Eine vollständige Durchimpfung der Bevölkerung kann viele Menschenleben retten und ist ein großes Ziel der Präventivmedizin. Neben Verbesserungen der allgemeinen Hygiene und Therapiemöglichkeiten haben Impfungen in wesentlichem Maße zum Rückgang in Morbidität und Mortalität zahlreicher Infektionskrankheiten beigetragen(Heininger, 2004, S. 1129). Roush et al. (2007, S. 2156-2158) verglichen die Erkrankungs- und Todesfälle impfpräventabler Kindererkrankungen innerhalb der Vereinigten Staaten in Zeiträumen des 20. Jahrhunderts (vor Durchsetzung nationalen Impfstrategien) mit den in den Jahren 2004 und 2006 gemeldeten Zahlen. Ein Teil der Ergebnisse wird in Tabelle 2 dargestellt. Die Zahlen vor Impfbeginn sind Durchschnittswerte der aufgeführten Jahreszeiträume. Die Daten zeigen starke Rückgänge: 92,2 bis 100 Prozent in der Morbidität und nahezu 100 Prozent in der Mortalität aller ausgewählten Erkrankungen. Diese Erfolge sind zum großen Teil auf das Erreichen und Aufrechterhalten hoher Durchimpfungsgraten zurückzuführen.

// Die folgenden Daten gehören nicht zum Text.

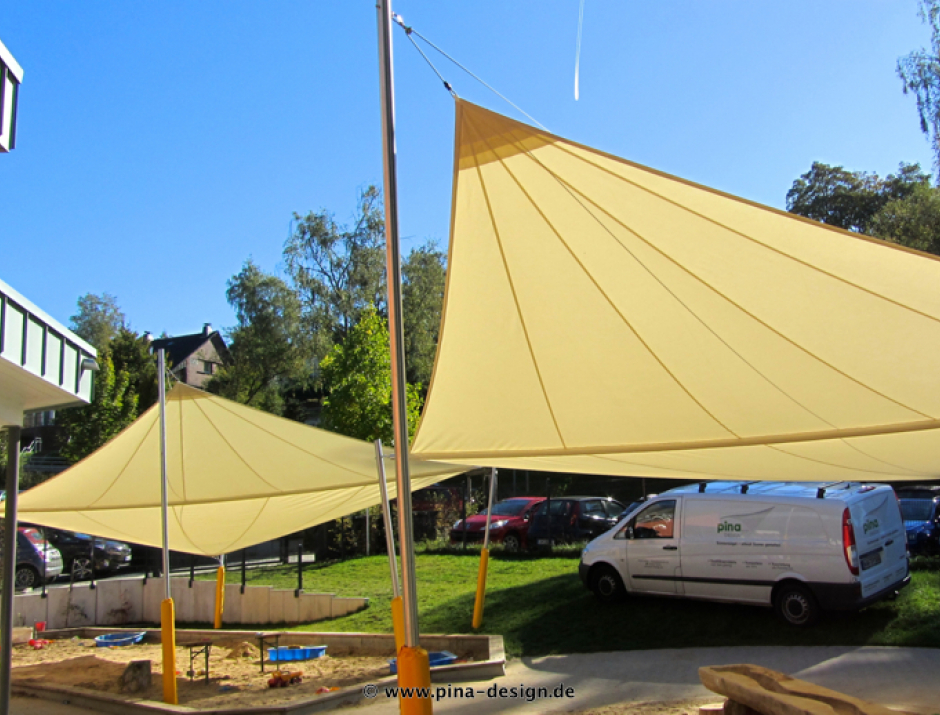 2 Sonnensegel manuell Wipperfürth 4M in elfenbein über einzelne Spielplätze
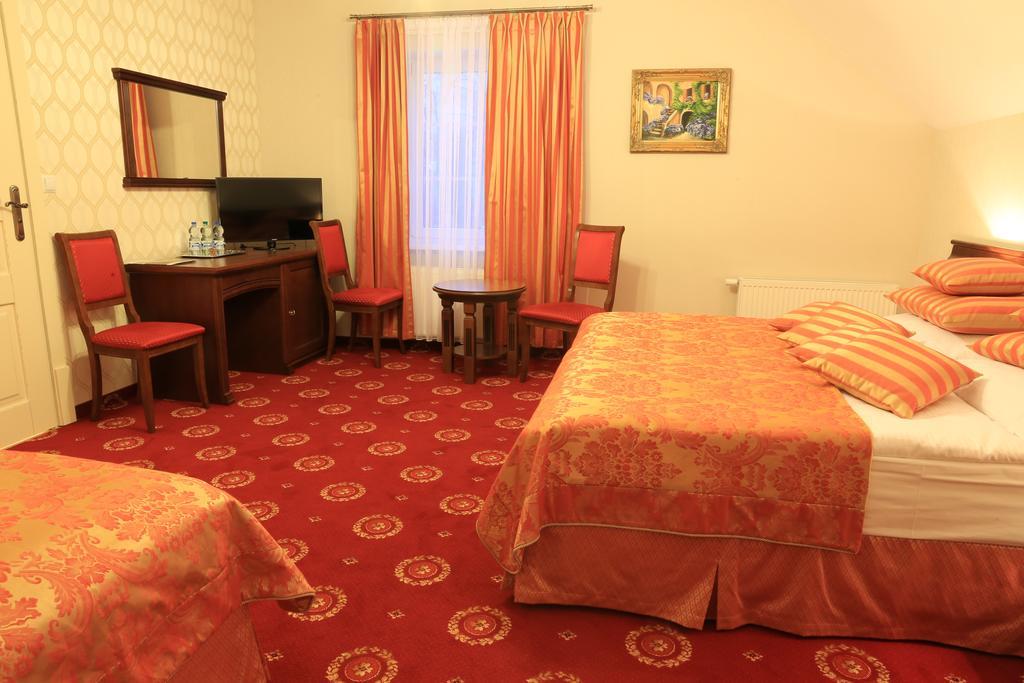 Hotel Kopernik Ciechocinek Oda fotoğraf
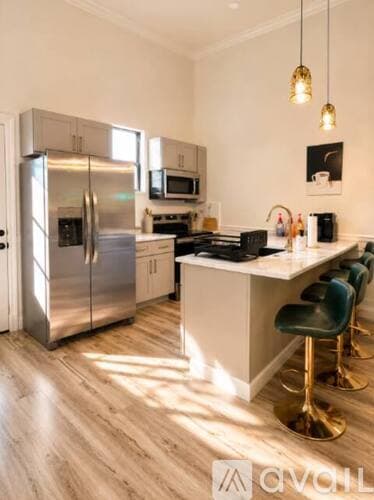 St. Petersburg Apartment: 4511 13 Th Ave S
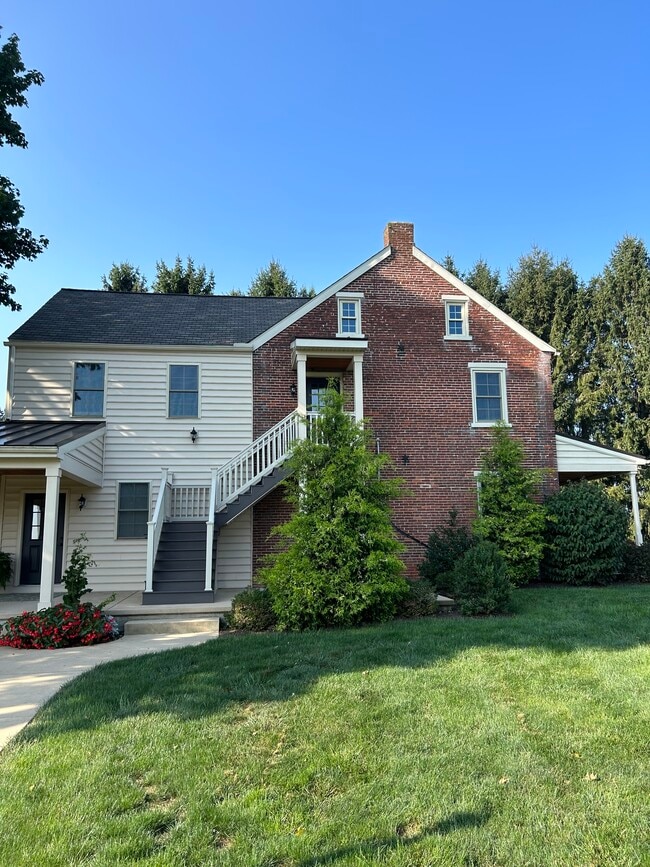 Building Photo - 2074 Creek Hill Rd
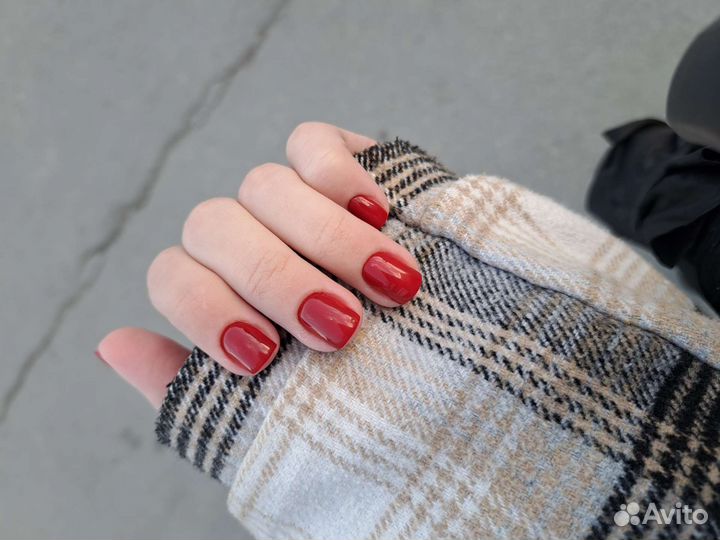 Педикюр с покрытием гель-лаком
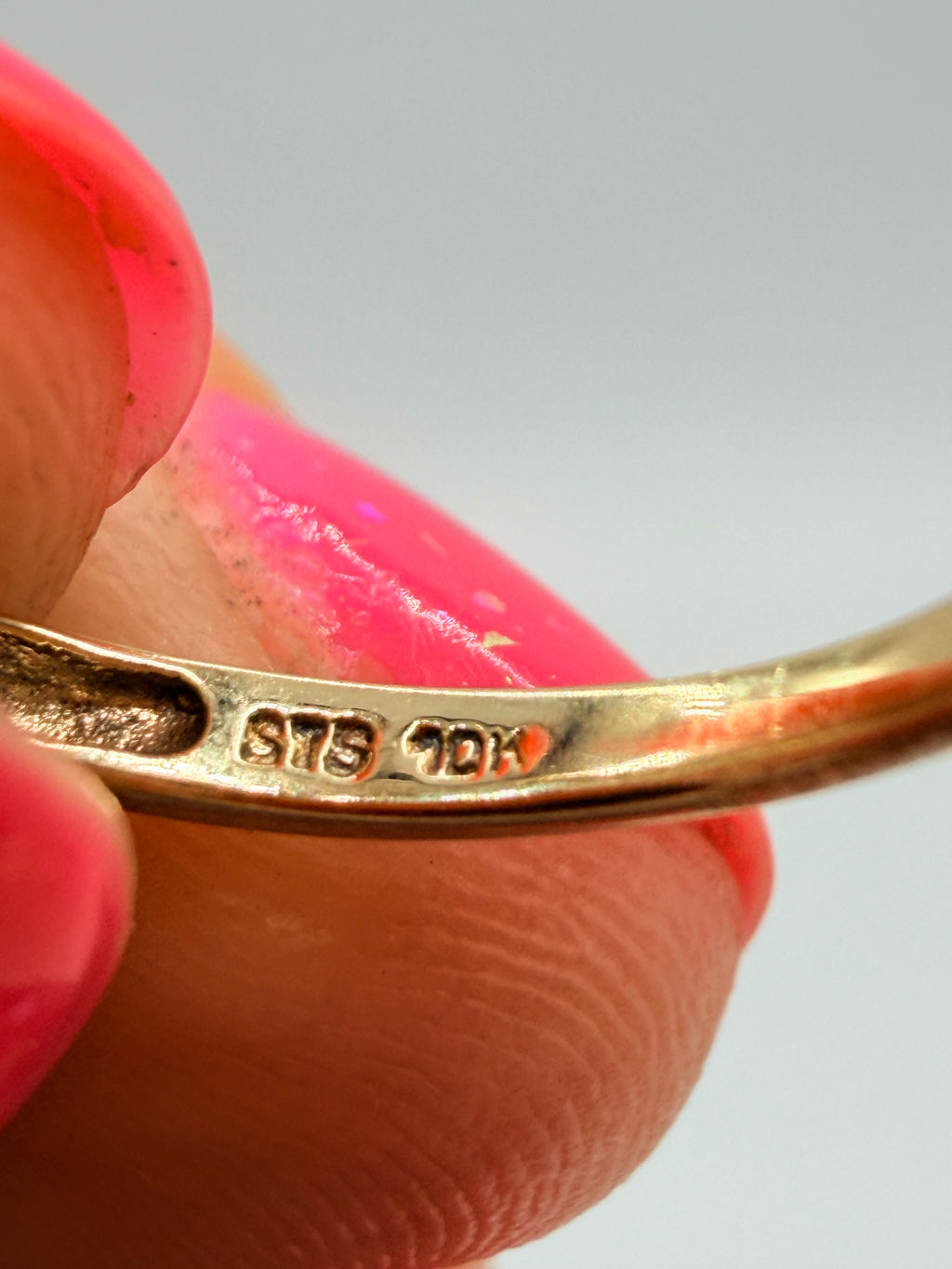 Solid 10K Yellow Gold Ring with Oval-Cut Blue Topaz & Diamond Accents Size 7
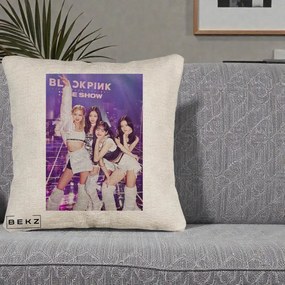 Perna Personalizata K-pop BLACKPINK The Show Concert cu 4 Membre pe Scena, 40x40 cm, Bej Canapea, Husa Detasabila, Perna Inclusa, BEKZ®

Tabelle2: Historischer Vergleich von Morbidität und Mortalität bei kindlichen Infektionskrankheiten in den Vereinigten Staaten (Quelle:Roush et al., 2007, S. 2156–2158, eigene Darstellung)
Abbildung in dieser Leseprobe nicht enthalten
Würde die Masernimpfung in Deutschland gestoppt werden, so wären in wenigen Jahren alle Kinder bis zum vierzehnten Lebensjahr erkrankt. Bei einer Letalität von einem Maserntoten pro 1.000 erkrankten Kindern würden pro Jahr etwa 650 Kinder an den Masern sterben(Maurer, 2008, S. 70). Die vielleicht größte Errungenschaft im Zusammenhang mit Schutzimpfungen und Immunisierungsprogrammen ist die weltweite Ausrottung der Pocken. Dies ist die erste Erkrankung, die durch ein massives, absichtliches und gemeinschaftlich organisiertes Unterfangen weltweiter Regierungen und Nichtregierungsorganisationen eliminiert werden konnte(Schuchat, 2011, S. 122). Vor der Einführung von Impfstoffen waren einige übertragbare Krankheiten in den Industrienationen bereits durch Verbesserungen der sanitären Einrichtungen, Ernährung, Wohnverhältnissen und der allgemeinen Hygiene zurückgegangen. Durch Impfungen kann der Rückgang von Erkrankungen jedoch beschleunigt werden. Die WHO berichtet, dass weltweit seit 1988 die Anzahl von ca. 350.000 gemeldeten Polio-Erkrankungen auf 33 Fälle im Jahr 2018 gesunken ist. Das entspricht einem Rückgang von über 99 Prozent(Herwald, 2021, S. 31). Die enorme Bedeutung von Schutzimpfungen als infektionsmindernde Präventionsmaßnahme wird durch diese Zahlen eindrücklich belegt. In Abbildung 1 wird der Rückgang der Poliomyelitis in dem Zeitraum 1946-1999 in Deutschland mit anschließender Krankheitselimination dargestellt.
Abbildung in dieser Leseprobe nicht enthalten
Abbildung 1 : Elimination der Poliomyelitis in Deutschland (Quelle: Heininger, 2004, S. 1134)
Zudem können Frauen inzwischen durch eine Impfung gegen das sexuell übertragbare humane Papillomvirus (HPV) gegen schwere Krebserkrankungen geschützt werden. Diese Impfung kann sowohl für Frauen als auch Männer vorteilhaft sein, denn ein Großteil der Anal-, Penis- und Oropharynxkarzinome werden durch impfpräventable HPV-Typen verursacht(Robert-Koch-Institut, 2022, S. 3).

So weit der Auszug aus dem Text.